Task brief:
The reply should contain all the data below, repeated exactly, and none of the images.

■ ■ ■ ■

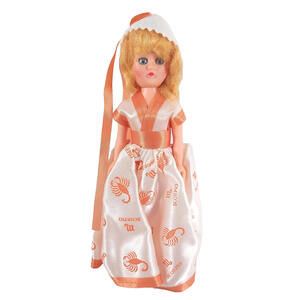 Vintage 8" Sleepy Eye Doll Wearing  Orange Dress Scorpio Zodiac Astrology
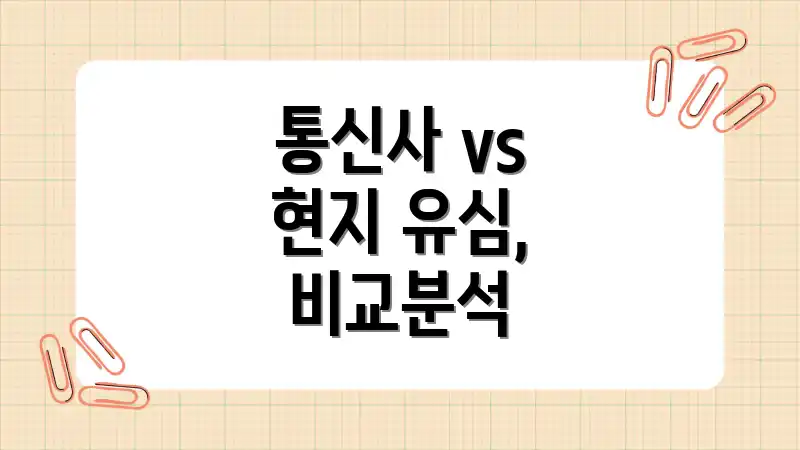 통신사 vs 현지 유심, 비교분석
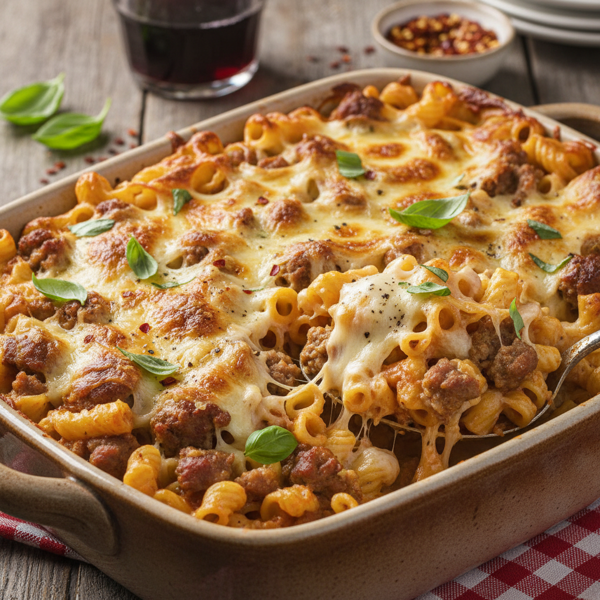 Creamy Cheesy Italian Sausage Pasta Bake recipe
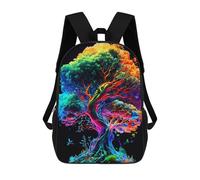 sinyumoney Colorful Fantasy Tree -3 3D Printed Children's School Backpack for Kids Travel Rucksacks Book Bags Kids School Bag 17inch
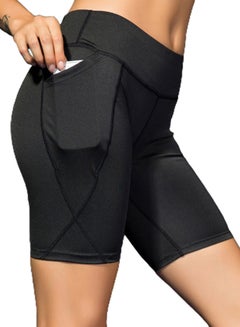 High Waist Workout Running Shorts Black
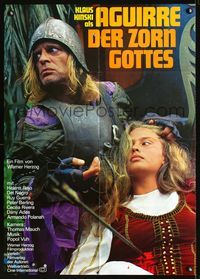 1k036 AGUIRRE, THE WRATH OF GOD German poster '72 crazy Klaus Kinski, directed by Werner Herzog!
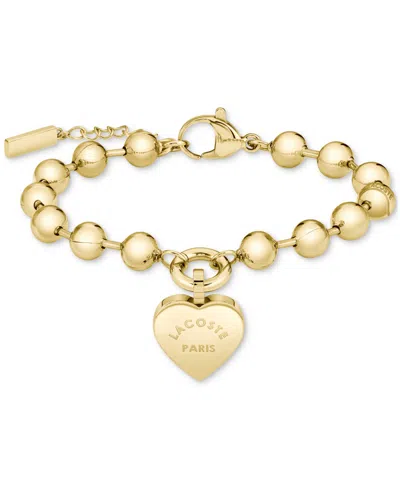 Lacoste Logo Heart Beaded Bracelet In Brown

■ ■ ■ ■

Solution for this exercise:
 Vintage 8" Sleepy Eye Doll Wearing  Orange Dress Scorpio Zodiac Astrology
 통신사 vs 현지 유심, 비교분석
 Creamy Cheesy Italian Sausage Pasta Bake recipe
 sinyumoney Colorful Fantasy Tree -3 3D Printed Children's School Backpack for Kids Travel Rucksacks Book Bags Kids School Bag 17inch
 High Waist Workout Running Shorts Black
 1k036 AGUIRRE, THE WRATH OF GOD German poster '72 crazy Klaus Kinski, directed by Werner Herzog!
 Lacoste Logo Heart Beaded Bracelet In Brown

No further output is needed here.